As it will be in the future, it was at the birth of Man—
There are only four things certain since Social Progress began:—
That the Dog returns to his Vomit and the Sow returns to her Mire,
And the burnt Fool's bandaged finger goes wabbling back to the Fire;

And that after this is accomplished, and the brave new world begins
When all men are paid for existing and no man must pay for his sins,
As surely as Water will wet us, as surely as Fire will burn,
The Gods of the Copybook Headings with terror and slaughter return!

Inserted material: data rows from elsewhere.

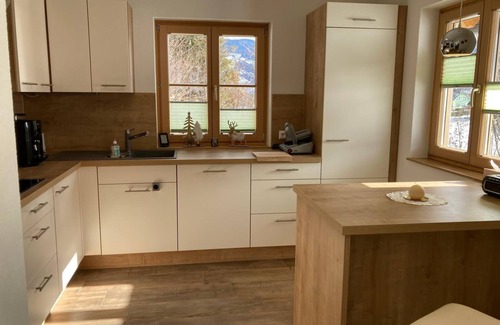 Falkenburg Casa | Casa de vacaciones 'Bei Schönwetter' con vistas a la montaña, terraza privada y Wi-Fi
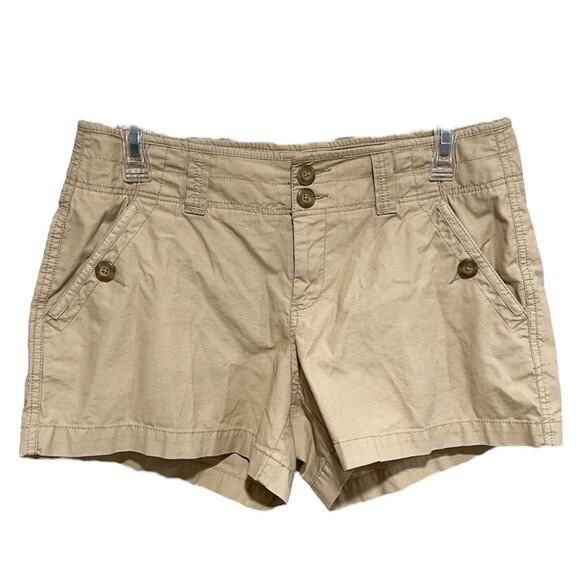 Y2K Old Navy Womens Mid Rise Khaki Shorts Size 6 2009 Granola Girl Summer Retro - Picture 1 of 8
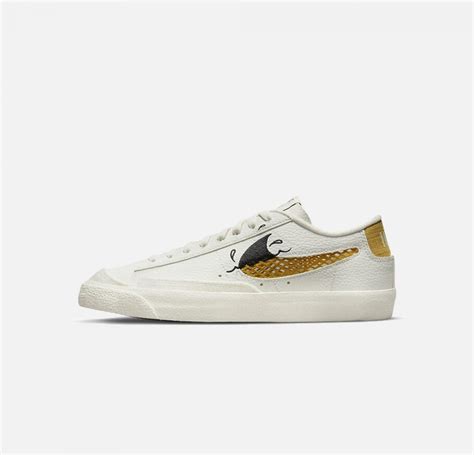Buy NIKE BLAZER LOW '77 SE NEXT NATURE ' SAIL / SANDED GOLD ' – Superkicks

== Modern critical interpretation ==
Kipling's narrative voice contrasts the purported eternal wisdom of these commonplace texts with the fashionable and (in Kipling's view) naïve modern ideas of "the Market-Place", making oblique reference, by way of puns or poetic references to older geological time periods, to Welsh-born Lloyd George and Liberal efforts at disarmament ("the Cambrian measures"), feminism ("the ... Feminian Sandstones"), and socialist policies advocated by trade-unionists, many of whom were coalminers ("the Carboniferous Epoch").

In a footnote to a philosophical essay, Francis Slade compared Kipling's theme to Horace's Epistles I.10 ("The Advantages of Country Life"), in which the Roman poet says:Drive Nature off with a pitchfork, she’ll still press back,

And secretly burst in triumph through your sad disdain.According to Slade, while the poem's verbosity is "far removed from Horace's elegant succinctness", it does "make the same point with some force".

John C. Bogle described the poem as "beautifully captur[ing] the thinking of Schumpeter and Keynes", who espoused, respectively, "entrepreneurship" and "animal spirits": both ideas of the market place.

T. S. Eliot included the poem in his 1941 collection A Choice of Kipling's Verse.